Esas No: 2010/14369
Karar No: 2012/3099
Yargıtay 10. Hukuk Dairesi 2010/14369 Esas 2012/3099 Karar Sayılı İlamı
"İçtihat Metni"
Mahkemesi :İş Mahkemesi
Dava, ödeme emirlerinin iptali istemine ilişkindir.
Mahkemece, ilamında belirtildiği şekilde davanın ve birleşen davanın reddine karar verilmiştir.
Hükmün, davacı avukatı tarafından temyiz edilmesi üzerine, temyiz isteğinin süresinde olduğu anlaşıldıktan ve Tetkik Hâkimi ... tarafından düzenlenen raporla dosyadaki kağıtlar okunduktan sonra işin gereği düşünüldü ve aşağıdaki karar tespit edildi.
1-) Asıl dava yönünden davacı avukatının temyiz itirazları üzerinde yapılan incelemede,
Dosyadaki yazılara, hükmün Dairemizce de benimsenmiş bulunan yasal ve hukuksal gerekçeleriyle dayanağı maddî delillere ve bu delillerin takdirinde bir isabetsizlik görülmemesine ve göre, yerinde bulunmayan bütün temyiz itirazlarının reddiyle, asıl davanın hak düşürücü sürenini geçirilmiş olması nedeniyle reddine ilişkin usul ve kanuna uygun olan hükmün ONANMASINA,
2-)Birleşen dava yönünden yapılan incelemede ise,
Davacıya ait işyeri nedeniyle verilen 2001/8-12 ve 2002/ 1-5. aylara ait idari para cezasının, tahsili için gönderilen 02.11.2009 tarih ve 2009/148 sayılı ödeme emrinin 19.11.2009 tarihinde tebliği edilip davanın ise 23.11.2009 tarihinde açılmış olması karşısında,birleşen davanın 7 günlük hak düşürücü süre içinde açılmış olmasına rağmen, ödeme emrinin tebliği tarihide hataya düşülerek yazılı şekilde davanın reddine karar verilmiş olması, usul ve yasaya aykırı olup, bozmayı gerektirir.
Mahkemece, birleşen dava yönünden işin esasına girilmeli, bu kapsamda, ödeme emrine konu idari para cezasının kesinleşip kesinleşmediği; İdari itiraz yoluna başvurulmuş ise itirazın sonuçlanıp sonuçlanmadığı, veya iptali için idari dava açılıp açılmadığı, kesinleşip kesinleşmediği araştırılmalı, itiraz prosedürü tamamlanmadığı halde veya iptal davası açalıp ta kesinleşmediği halde, takibe konu edilen idari para cezası mevcut ise, sonuçlanması beklenip; kesinleşen idari para cezası miktarının tespitiyle, bu miktara ilişkin ödeme emri yönünden, 6183 sayılı Yasanın 58. maddesinde sınırlı olarak sayılmış nedenlere dayalı inceleme yapılması gerektiği gözetilmelidir.

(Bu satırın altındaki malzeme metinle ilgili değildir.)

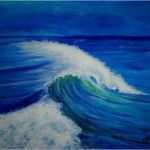 Bilder Acryl Vorlagen Wunderbar Acryl Bilder & Fotos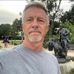 Patrick Fleury - Facebook
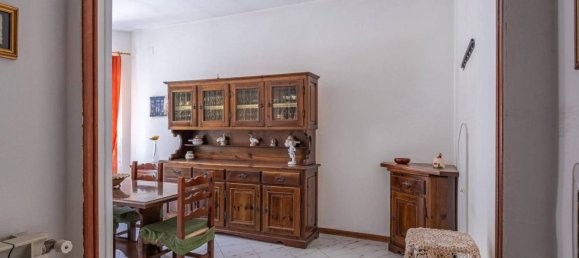 2 chambres Appartement à Sorano, Italy No. 291600 5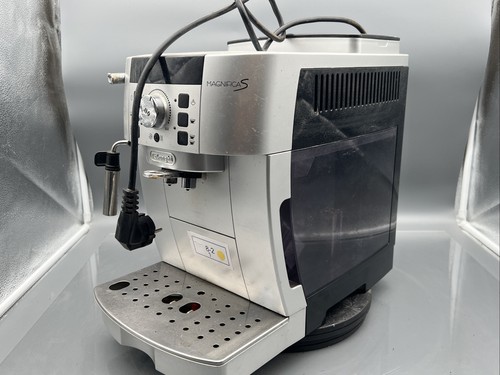Delonghi ecam122 110 - delonghi, ecam122.110.sb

İdari para cezasının kesinleşmiş Kurum alacağına dönüştükten sonra takibe konu edildiğinin belirlenmesi halinde ise; 6183 sayılı Yasanın 58. maddesinde sınırlı olarak sayıldığı üzere, “böyle bir borcu olmadığı veya kısmen ödendiği veya zamanaşımına uğradığı” konularıyla sınırlı incelemeyle sonuca varılması gereği gözetilmeksizin; hak rüşürücü sürenin hesabında hataya düşülerek davanın reddine karar verilmiş olması, usul ve yasaya aykırı olup, bozma nedenidir.
O halde, davacı vekilinin bu yönleri amaçlayan temyiz itirazları kabul edilmeli ve hüküm bozulmalıdır.
SONUÇ: Temyiz edilen hükmün yukarıda açıklanan nedenlerle BOZULMASINA, 23.02.2012 gününde oybirliğiyle karar verildi.